After having weeks of surging energy, boundless creativity and unimaginable joy, I woke up to a crashed day. I haven't felt so behind and run down in a long time. I keep grasping for the little energy and wakefulness left around here somewhere but there's nothing within my reach.
I should've known this honeymoon phase of my pregnancy wouldn't last forever but still, I assumed it would last longer than just 3 weeks. Oh well. There's always tomorrow. Maybe today was just a foretaste of the glorious 3rd trimester.
This morning started normal. Landon came into bed and we snuggled for a little while and then he got up and got some paper and little tiny folding scissors and brought them back to bed with me. He started cutting various snips of paper as he maneuvered his thumb and finger in the little scissor handle.
I wasn't too worried about the mess: what's a little paper?
Then, another idea must've hit his little brain because he disappeared and then returned with a comb and preceded to want to comb my hair. He carefully sauntered up to the bed and told me he needed my hair.
I willingly surrendered my locks of hair, basking in the prospect of someone playing with my hair. I LOVE that feeling and I rarely get to experience it.
I happened to glance at him as I tossed my hair over and I noticed the very tips of those tiny thread scissors peering secretly out of his chubby little hand.
"I'm going to do hair cutting, Mom," he said, as if it was a productive art project.
Needless to say, I confiscated the scissors and made sure he had no other means of hair cutlery available as he stood above my head and my vulnerable tresses of hair.
After that, the day held one big threat after another. None were after my hair, thankfully, but it still evolved into a rather discouraging and worthless day. Everything I set out to do, only resulted in making a huge extra task to get done. Eventually, I was afraid to get anything done. By lunch time, I was ready to pull my hair out but thought better of it when I remembered how close I had come to losing it all earlier today.
I thought to myself as I waded through piles of newspaper, clean dishes and dirty dishes, an unorganized kitchen and a little boy getting potty trained, that I think it would be wise for me to just quit trying to get anything done. The more I get done, the more I have to do. I felt like I was on a treadmill and not gaining miles but still running as fast as I could. I know it's bad to "give up" but the reason I wanted to give up was so that at least I could say I did something today.
Finally, I got my morning coffee at around 4:30 this afternoon and sat down and surfed through my usual homemaking blogs. As should be expected, one site after another held all the lofty things those virtuous wives had accomplished in just short amounts of time. Not just your everyday tasks either -- serious organization, craft projects, sewing items, fancy meals rich with nutrition, major cleaning and redecorating, etc.

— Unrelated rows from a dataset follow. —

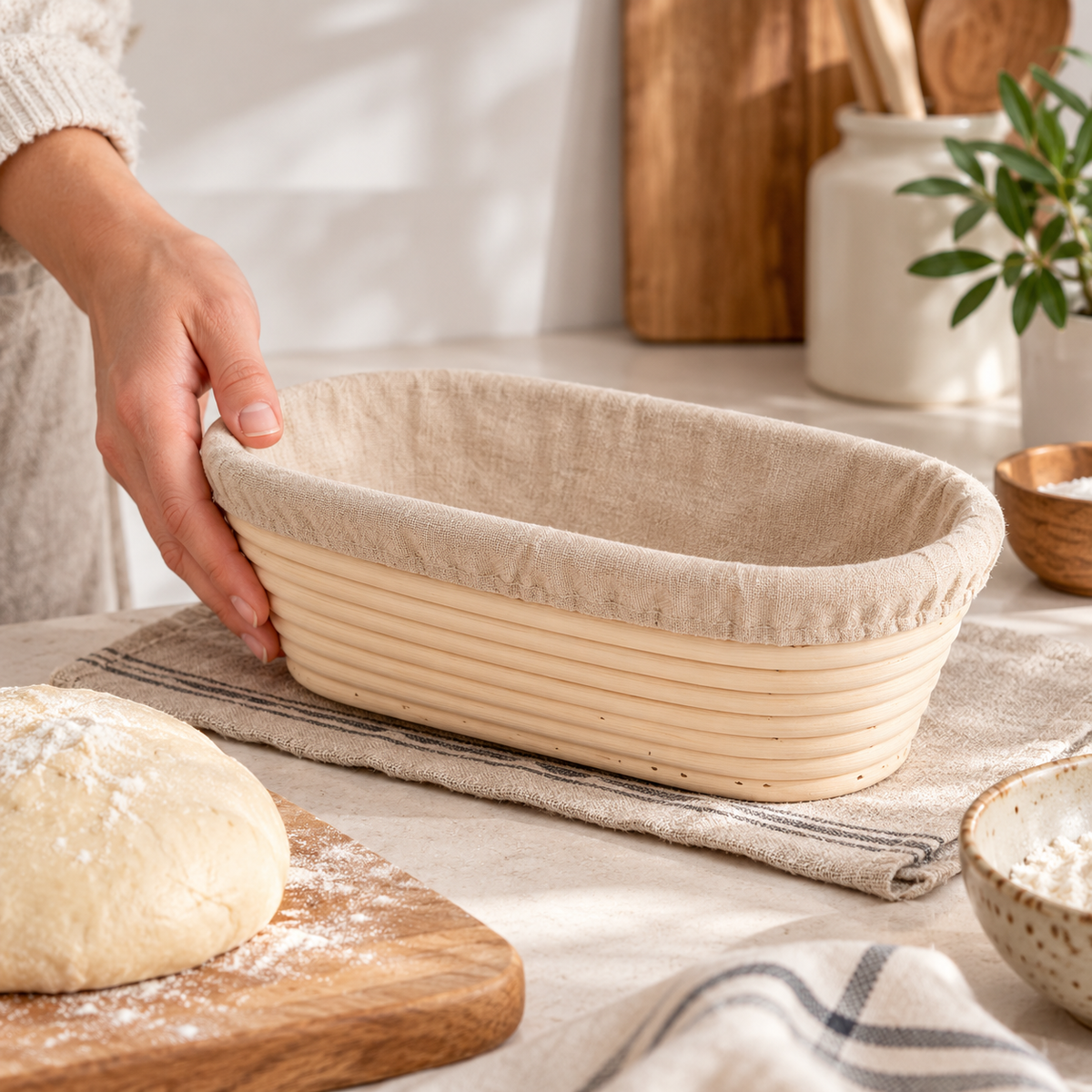 Oval proving basket with liner in a home setting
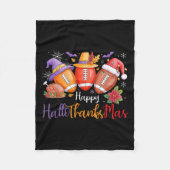 Happy Hallothanksmas Football Halloween Fleecedecke (Vorderseite)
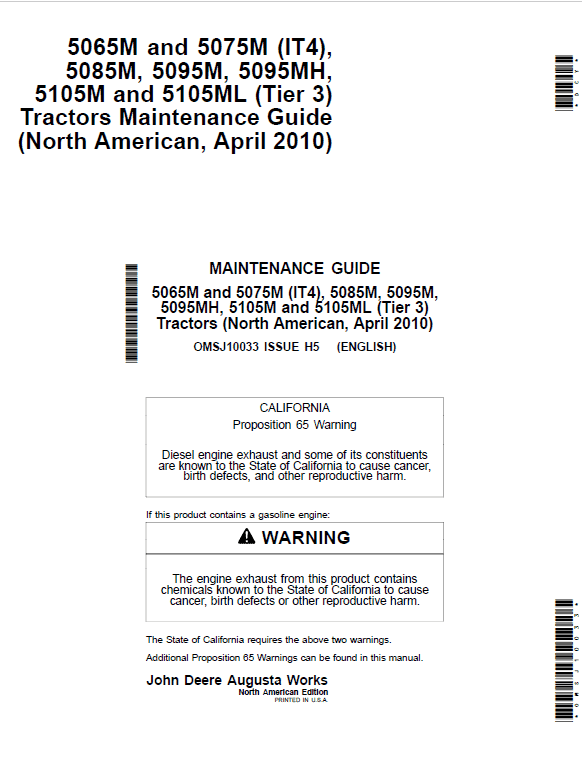 John Deere 5100M, 5100MH, 5100ML, 5115M, 5115ML (IT4) Tractors Repair Manual Workshop Guide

And here I felt blessed to get my dishwasher loaded today and could still hear the glories ringing from those dirty dishes as they sang songs of praise to me for finishing my work with them. How I longed to hear more works praising me but that is just not my lot in life today.
I thought to myself as I searched their sites and coveted over their pictures of befores and afters, how come I always get stuck with just before pictures? By the time I could take after pictures, there's hardly any way you could tell I accomplished anything worth taking a picture of. By then, the room is ready for another before picture.

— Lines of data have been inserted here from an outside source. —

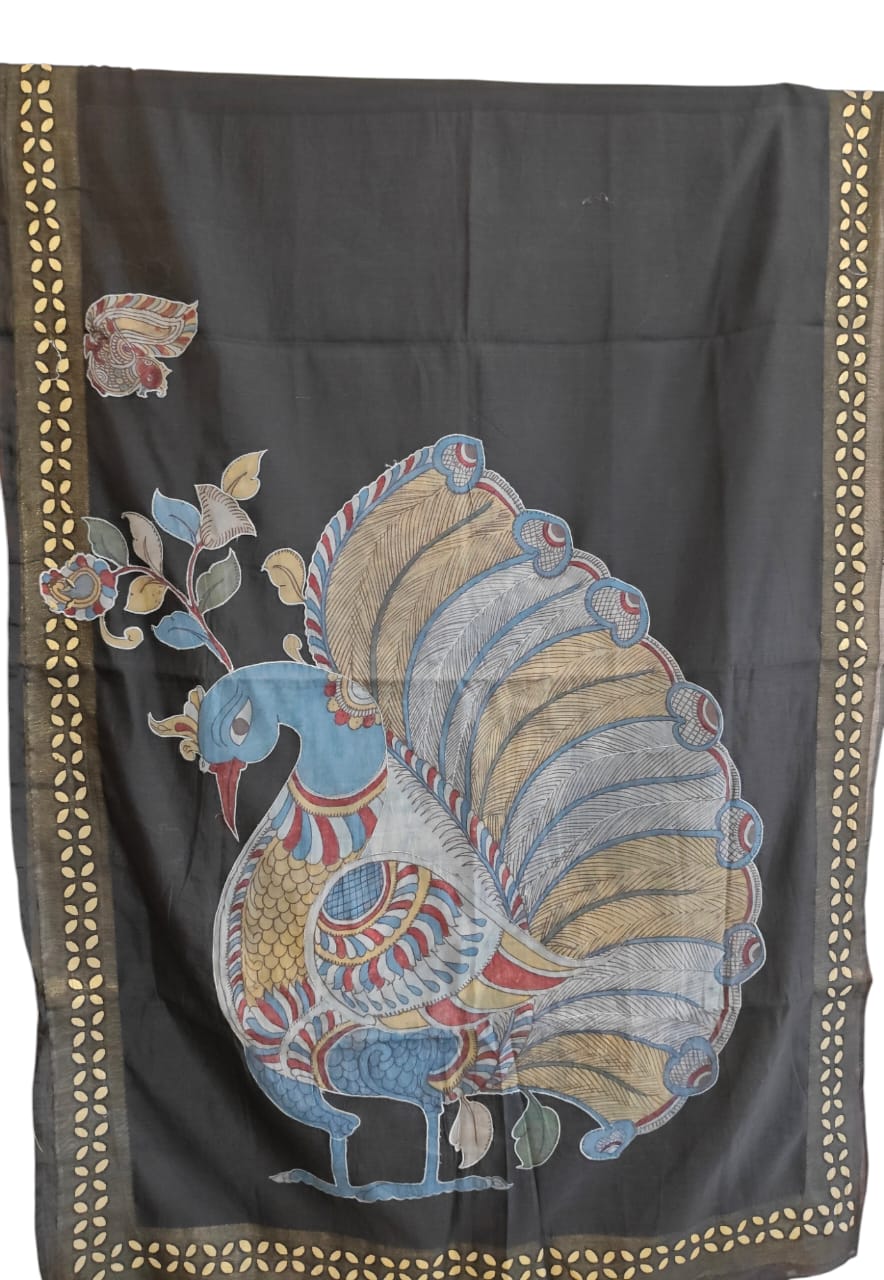 Exquisite Chanderi Saree with Pen Kalamkari and Barmer Work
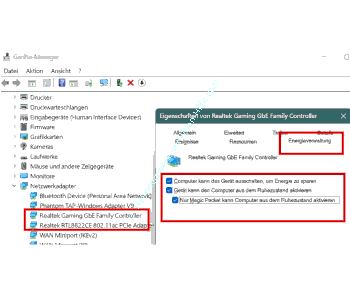 Das Erlauben der Nutzung von Magic Paketen für die Netzwerkkarte aktivieren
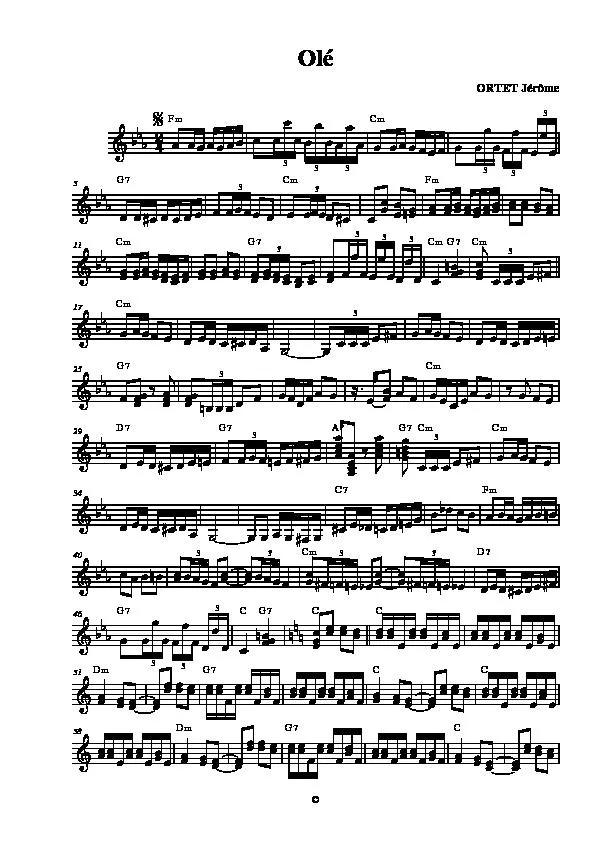 télécharger la partition d'accordéon Olé (Paso Doble) au format PDF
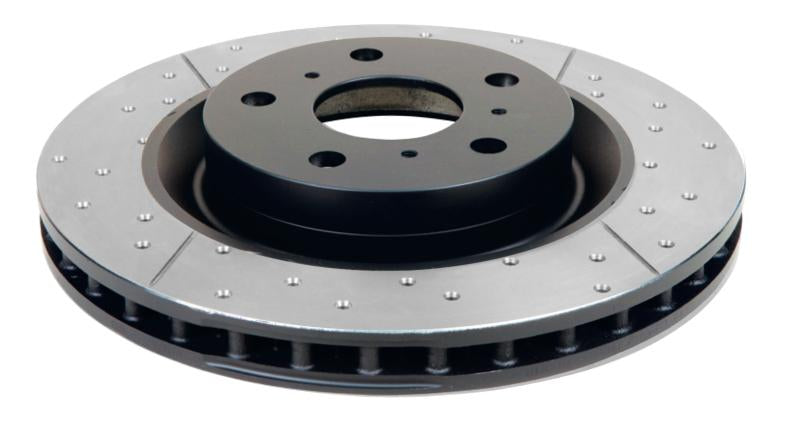 DBA 15-16 Mustang GT / EcoBoost Rear Drilled & Slotted Street Series Rotor Black Hub 2165BLKX Main Image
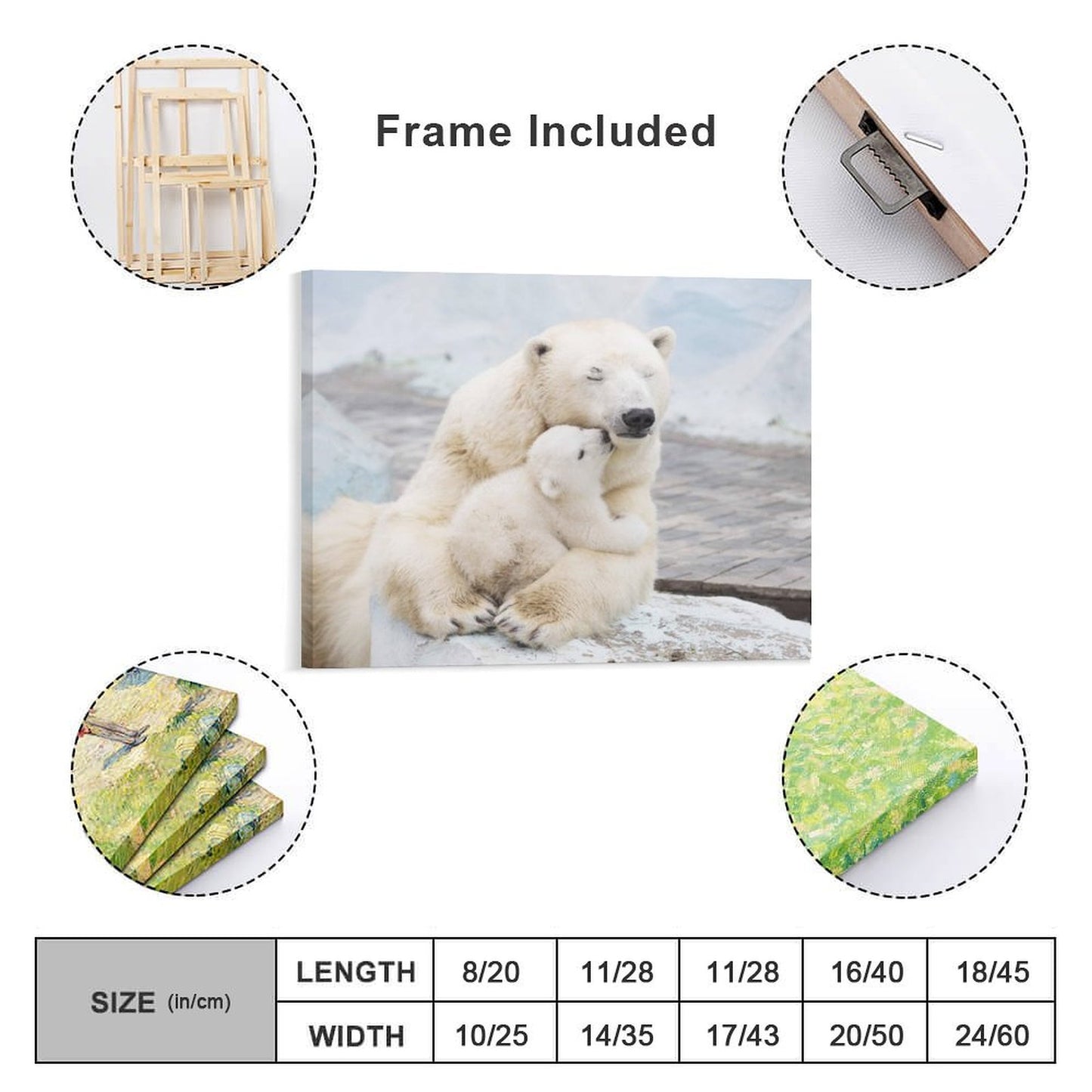 Polar Bear Mother and Cub Canvas Wall Art – Arctic Love Home Decor-011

Day after day I visit these blogs and notice their consistent and steady virtuous spirit. Everyday holds abundance accomplishments and every tomorrow is guaranteed complete success. Maybe if I had a blog devoted to such goals as theirs, I'd be on the right track too and could avoid crash days like today. That's what I need: a blog entitled, "Her Praising Works."
As I searched on the last recipe site for the day, I wondered why I was even there considering I needed no meal ideas for tonight: we're having eggs and bacon. Simple as that. I figured if there's anything worth accomplishing today, it would be supper. So, I aimed low and hit right on the target. No big meal prep, no fuss and no frill. But we'll eat good and come away full and I'll feel like I did accomplish at least one thing today besides giving up.